US-led airstrikes hit Al Qaeda-affiliate Nusra Front in Syria

A US-led coalition that was set up to fight Islamic State bombed the al Qaeda-linked Nusra Front and another radical faction in northwest Syria overnight, rebels and residents said on Thursday.

The Syrian Observatory for Human Rights, a monitoring group, said a series of airstrikes had targeted Nusra Front, including in Idlib province in northwest Syria, where last week the organization routed Western-backed Syrian rebels.

One strike on a base near the northern city of Aleppo killed at least six Nusra fighters, the Observatory said, adding that the hardline Islamist group Ahrar al-Sham was also hit overnight.

It was the second time the Nusra Front, long one of the most effective groups battling Syrian President Bashar al-Assad, had been hit in the US-led air campaign, which was launched to "degrade and destroy" Islamic State — a separate hardline Islamist group that has clashed with the al-Qaeda affiliate.

Several commanders are believed to have been killed in the original strikes against Nusra in September, including Kuwaiti-born Mohsin al-Fadhli — also known as Abu Asmaa al-Jazrawi — reputedly a former member of Osama bin Laden's inner circle.

Residents on Thursday said one of the airstrikes targeted a car used by Nusra commanders, near an Internet cafe in the Nusra-controlled town of Sarmada, close to the Turkish border.

A rebel from another Western-backed group operating in northern Syria confirmed the airstrikes on the Nusra Front and on Ahrar al-Sham, and said they took place at around 1 a.m.

"The strength of strikes and their accuracy confirms that they were carried out by the alliance," the rebel said, speaking on condition of anonymity.

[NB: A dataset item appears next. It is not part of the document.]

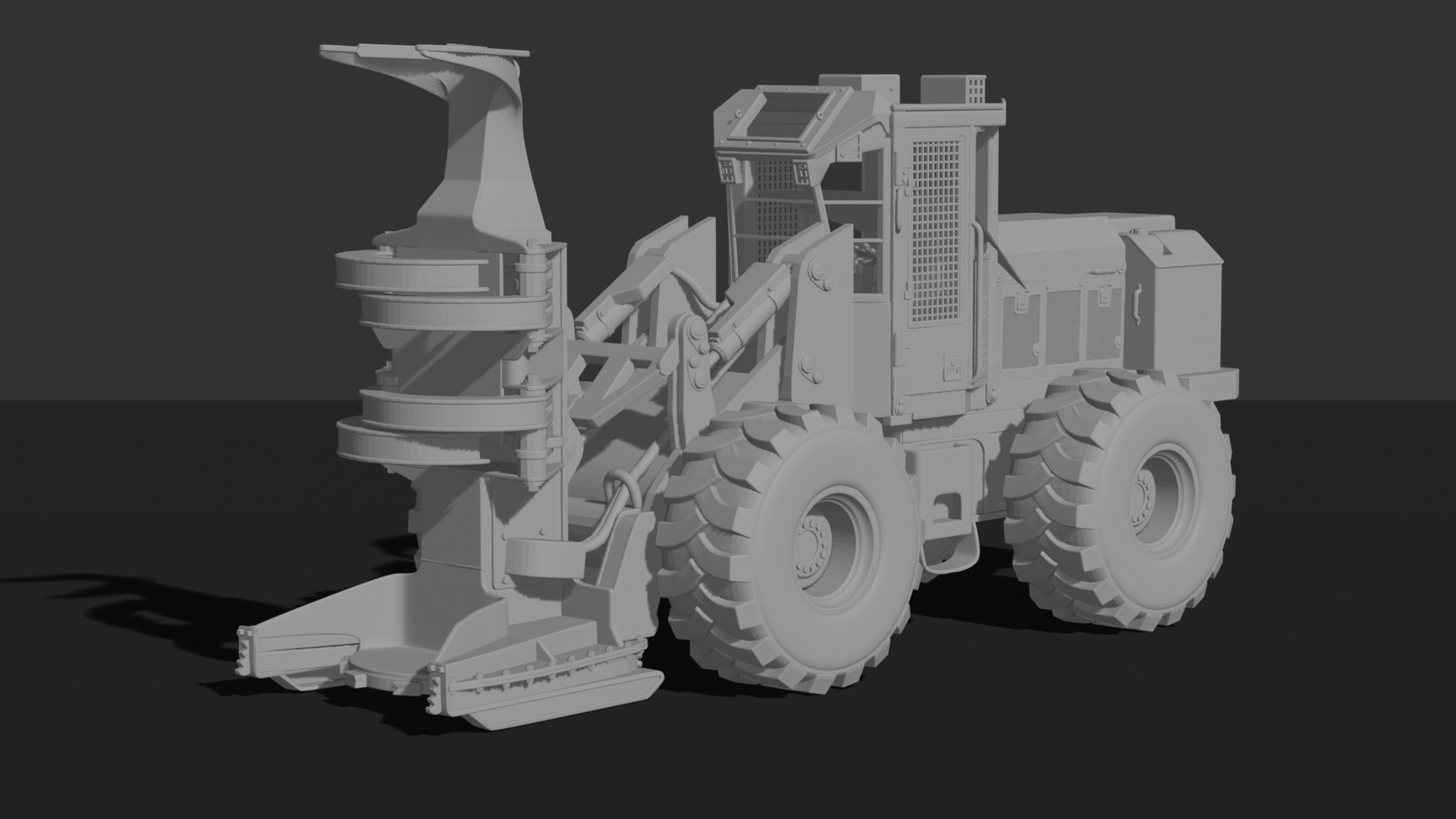 Tigercat 860C Wheeled Feller Buncher STL 3D Print Model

The Nusra Front vehicle struck in the attack had been carrying ammunition, he said.

Flattened

In neighboring Harem, residents said at least four children had been killed and dozens injured in an attack they believed was launched by the coalition.

Residents around the rebel-held Bab al-Hawa border crossing, a strategic gateway to Turkey, said a missile flattened the headquarters of Ahrar al-Sham nearby and killed Abu al-Nasr, the head of the group's arms procurement division.

Nusra, which has been trying with allies to remove its name from the UN terrorist list, was taken by surprise when coalition warplanes bombed several of its positions during the initial strikes in September.

Last week the group seized control of areas of Idlib province from Western-backed rebel leader Jamal Maarouf, head of the Syria Revolutionaries' Front in northern Syria, confiscating its weapons. It also took positions from the Hazzm Movement, another recipient of Arab and Western support.

Maarouf, whose group is one of the biggest non-Islamist rebel formations, said in a video statement his group had abandoned villages only to avoid civilian casualties.

The retreat marked a big blow to the non-Islamist opponents of Assad, who have generally struggled against better armed and equipped Islamist groups including Nusra Front and Islamic State.

The United States is planning to expand military support to what it describes as the moderate opposition to Assad as part of its strategy against Islamic State in Syria.

Nusra Front was once seen as the strongest insurgent group in Syria but has been eclipsed by Islamic State, which broke with Al Qaeda early this year and has seized wide areas of Syria and Iraq.